The paranoid in me, scarred by years of experience and not trusting of recent improvements, does not like the idea of a single large EXT4 volume for what sounds like unstructured file-serving. EXT4 is probably good enough for the task in recent kernels, but it still smells like an EXT filesystem. The failure-modes with those are not good and... I don't trust 'em.
For years I'd go for xfs if at all possible, as it is designed for huge scale, and recent improvements have fixed up a lot of the inode performance problems it was known for in the past (apparently I trust improvements in filesystems I like).
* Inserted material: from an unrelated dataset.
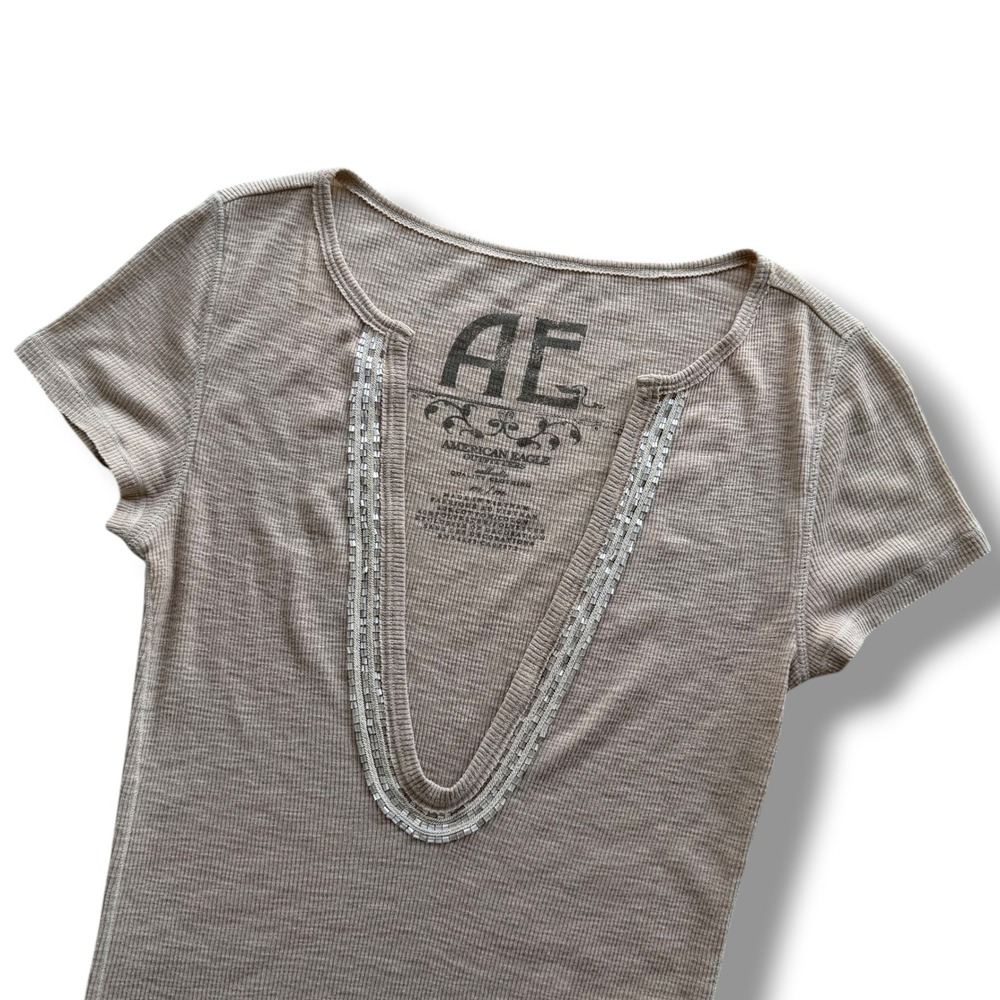 American Eagle M Tan Ribbed Short Sleeve Beaded Deep V-Neck Fitted Tunic Top Y2K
And it doesn't fsck, or even claim to need it. Which is nice, since fscking a 40TB EXT4 volume would take a very long time, and that's time that counts against the downtime budget.
zfs or btrfs are the way of the future, though. Support isn't fully enterprisy (or licensed) in the kernels just yet, though btrfs is really close to earning that accolade. If you're willing to deal with possibly not-yet-bulletproof newness, the bullet-proofing should come in future kernel updates and you won't have to deal with changing your filesystem. Also, with these the concept of 'multiple volumes' doesn't quite apply, as the FS itself creates sub-volumes.
Optimal Volume Sizes
For 'unstructured file-serving' your scaling factors are likely to be how big your directories get. Once Upon a Time, 64K files/sub-directories in a directory was very bad on EXT filesystems, but this has been fixed. At the same time, the number of inodes in a system could provide big scaling issues (8 million files, didn't work so well on some filesystems).
Most of these have been engineered around by now. Even ext4, which I don't particularly like, can deal with 10's of millions of files. Will it be fast? Eh, depends on what it is you're saving.
Backup/Restore Considerations
The thing no one really thinks about. What are you doing for that? Are you relying just on LVM snapshots and RAID, exporting full copies somehow (tar to tape), or doing periodic syncs to a remote system via rsync or something? What you're doing will impact your filesystem choice.
XFS gives you xfsdump which is a very good utility for backing up XFS filesystems. This is better and faster than tar
since it stores fs-structures in the archive directly, where tar has to build posix abstractions that slows it down.
On magnetic media, extent-based filesystems do a bit better on backup as they're better at avoiding fragmentation. Xfsdump bypasses some of the frag problem due to it's native tooling. Generally, inode performance will be an issue for touch-all-the-files styles of backup (tar and rsync).